# Required action:
Nothing but the lines below from the one with "Cover of The Elephant in the Classroom" through the one with "Negli abissi luminosi." should be output, each exactly as given, and no pictures.

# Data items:
=== Begin Enclosure ===
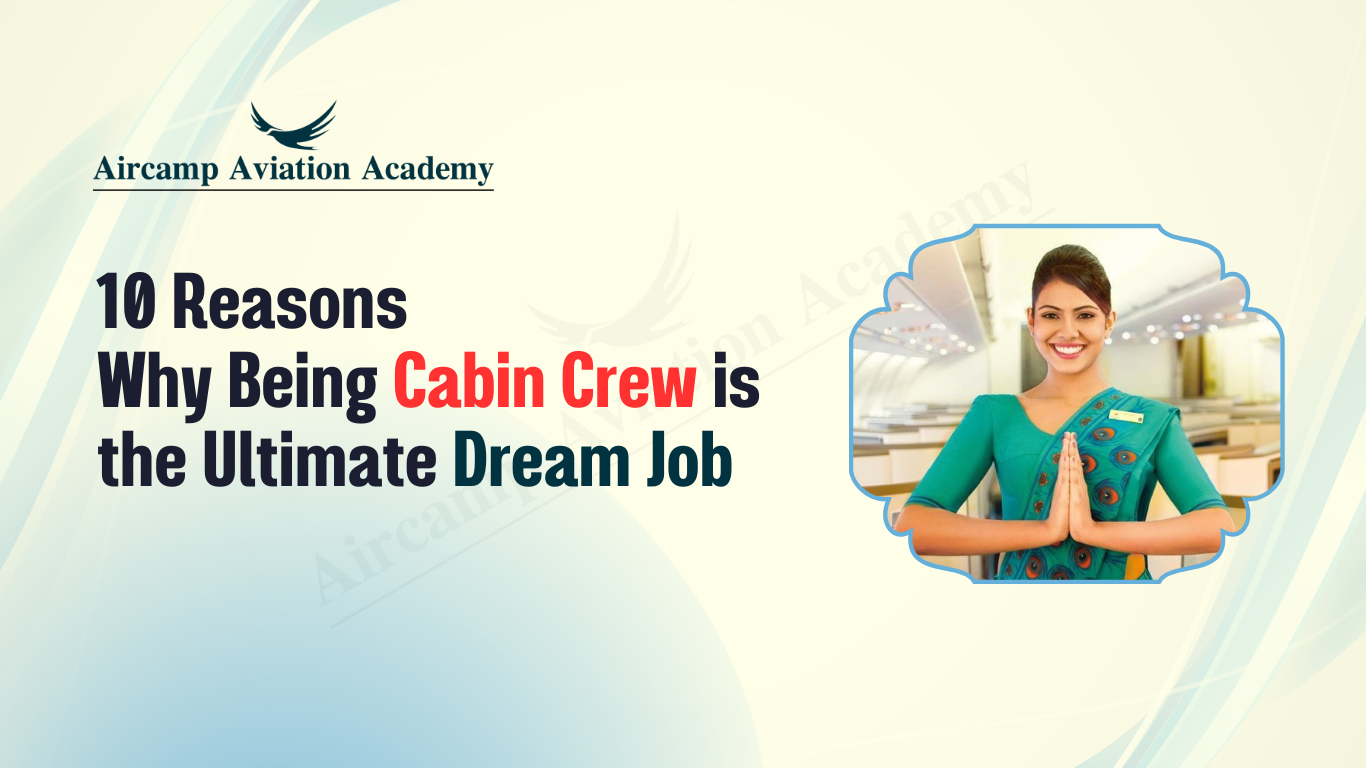 10 Reasons Why Being Cabin Crew is the Ultimate Dream Job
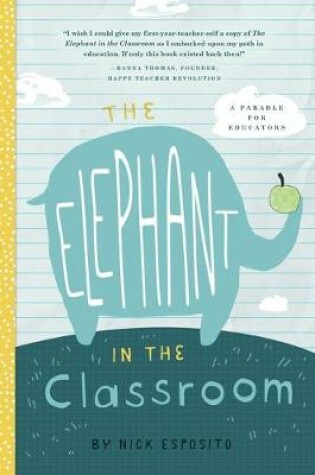 Cover of The Elephant in the Classroom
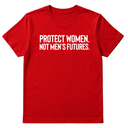 Protect Women. Not Men’s Futures Unisex Tee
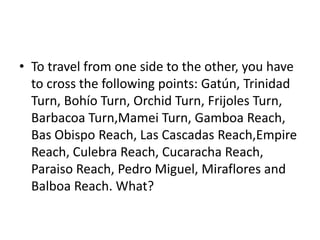 • To travel from one side to the other, you have
to cross the following points: Gatún, Trinidad
Turn, Bohío Turn, Orchid Turn, Frijoles Turn,
Barbacoa Turn,Mamei Turn, Gamboa Reach,
Bas Obispo Reach, Las Cascadas Reach,Empire
Reach, Culebra Reach, Cucaracha Reach,
Paraiso Reach, Pedro Miguel, Miraflores and
Balboa Reach. What?
 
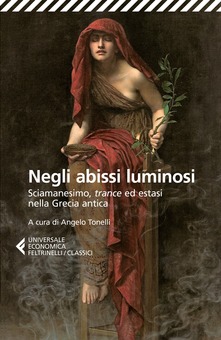 Negli abissi luminosi. Sciamanesimo, trance ed estasi nella Grecia antica (Paperback)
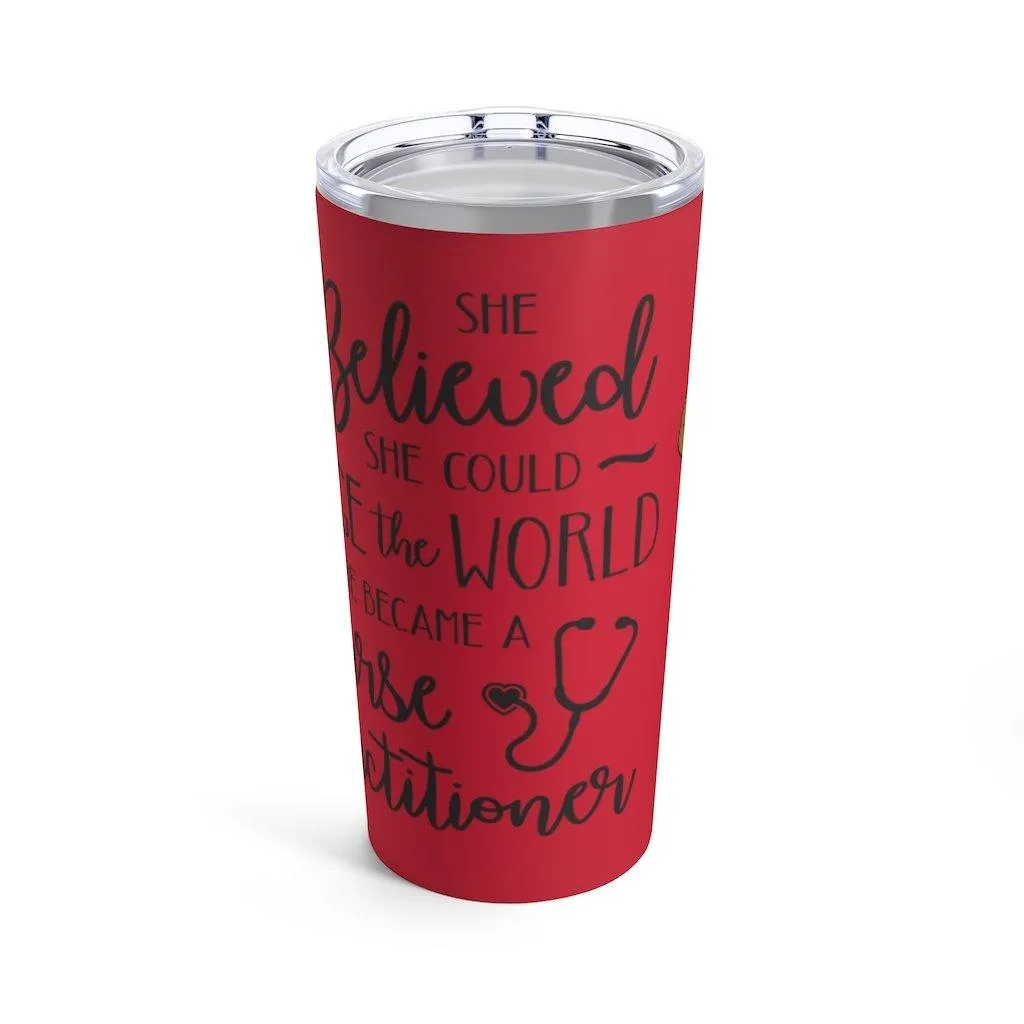 "She believed........Nurse Practitioner" Tumbler 20oz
=== End Enclosure ===
# Task result:
 Cover of The Elephant in the Classroom
 Protect Women. Not Men’s Futures Unisex Tee
 • To travel from one side to the other, you have
to cross the following points: Gatún, Trinidad
Turn, Bohío Turn, Orchid Turn, Frijoles Turn,
Barbacoa Turn,Mamei Turn, Gamboa Reach,
Bas Obispo Reach, Las Cascadas Reach,Empire
Reach, Culebra Reach, Cucaracha Reach,
Paraiso Reach, Pedro Miguel, Miraflores and
Balboa Reach. What?
 
 Negli abissi luminosi. Sciamanesimo, trance ed estasi nella Grecia antica (Paperback)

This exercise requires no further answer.